- [TASK GOAL] Your copy should match the entries exactly, with the pictures left out.

Brief descriptive captions
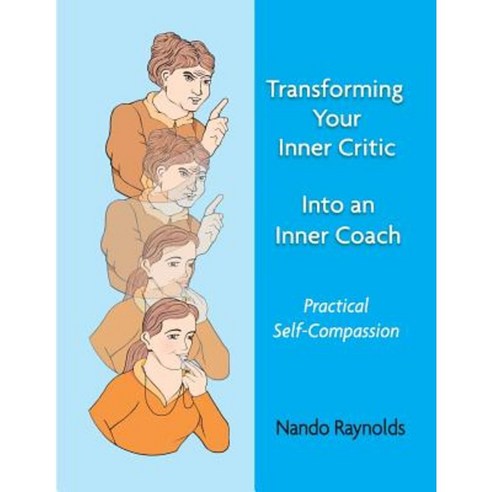 Transforming Your Inner Critic Into an Inner Coach: Practical Self-Compassion Paperback, Createspace Independent Publishing Platform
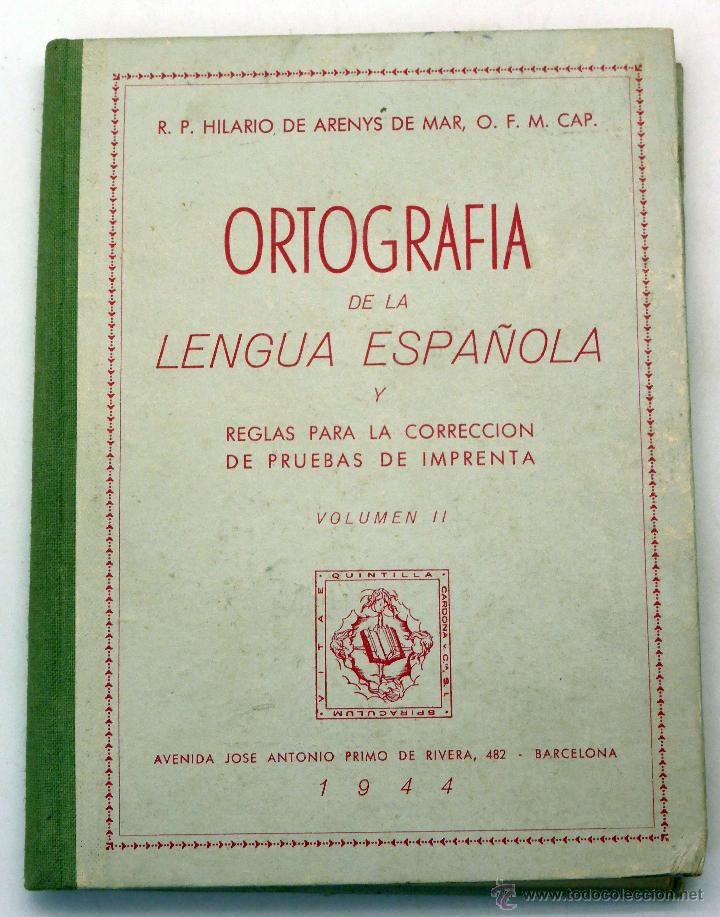 Libros de segunda mano: Ortograf&iacute;a Lengua Espa&ntilde;ola Volumen II Hilario Arenys de Mar Talleres Gr&aacute;ficos Quintilla 1944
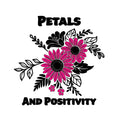 Petals and Positivity | Floral Vinyl Decal 4x4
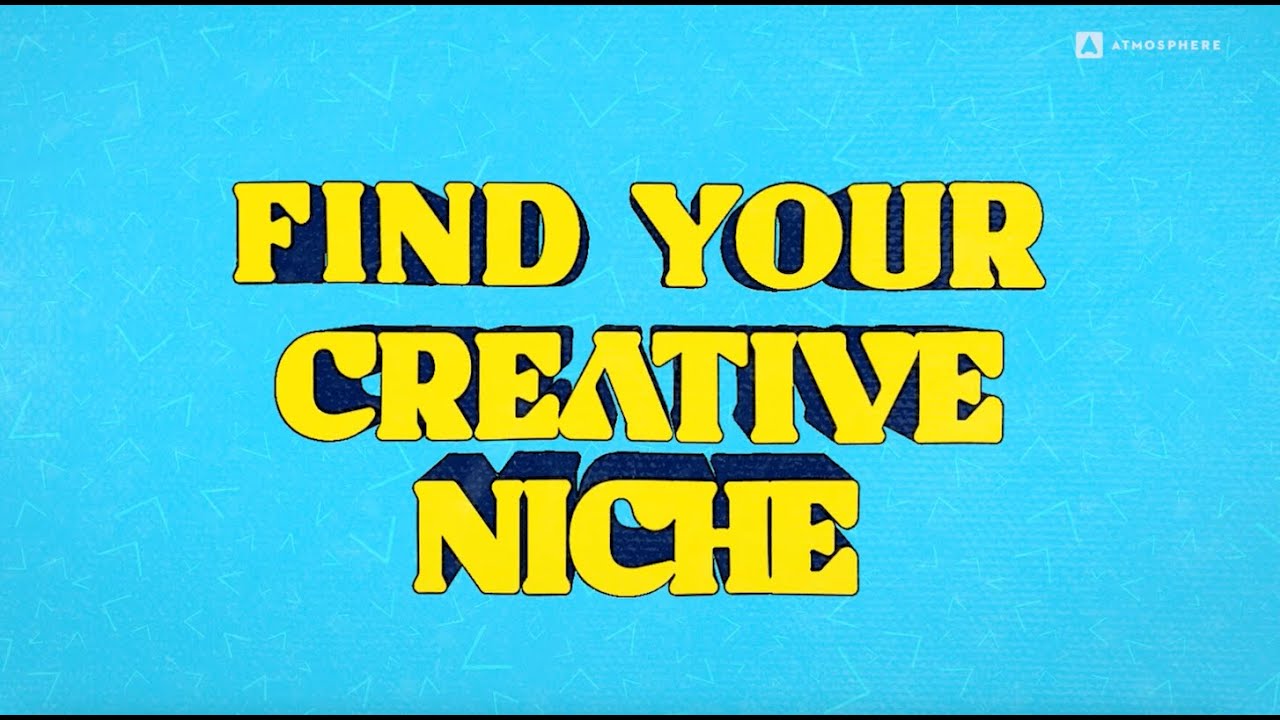 FIND YOUR NICHE - Atmosphere TV 2024- HAPPY TV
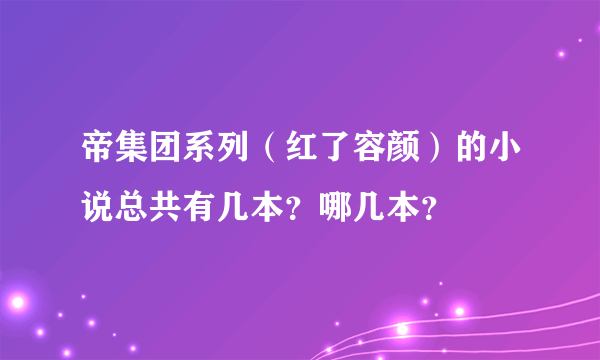 帝集团系列（红了容颜）的小说总共有几本？哪几本？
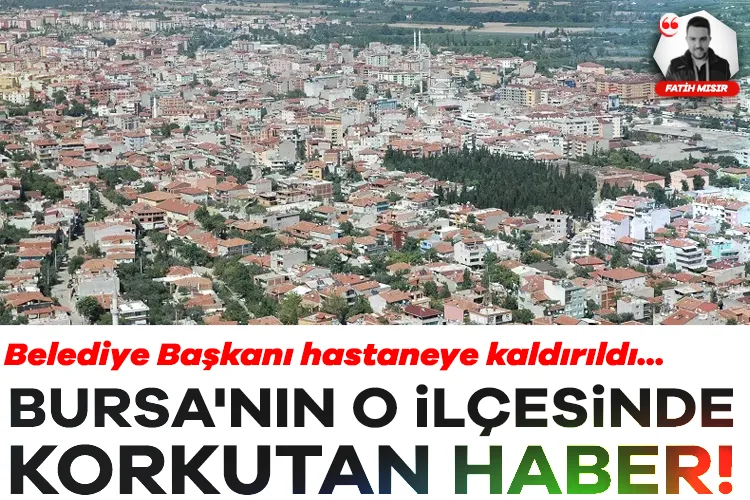 Orhangazi Belediye Başkanı Hastaneye Kaldırıldı!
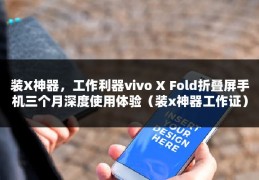 装X神器，工作利器vivo X Fold折叠屏手机三个月深度使用体验（装x神器工作证）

- [REPLY]
 Transforming Your Inner Critic Into an Inner Coach: Practical Self-Compassion Paperback, Createspace Independent Publishing Platform
 Libros de segunda mano: Ortograf&iacute;a Lengua Espa&ntilde;ola Volumen II Hilario Arenys de Mar Talleres Gr&aacute;ficos Quintilla 1944
 Petals and Positivity | Floral Vinyl Decal 4x4
 FIND YOUR NICHE - Atmosphere TV 2024- HAPPY TV
 帝集团系列（红了容颜）的小说总共有几本？哪几本？
 Orhangazi Belediye Başkanı Hastaneye Kaldırıldı!
 装X神器，工作利器vivo X Fold折叠屏手机三个月深度使用体验（装x神器工作证）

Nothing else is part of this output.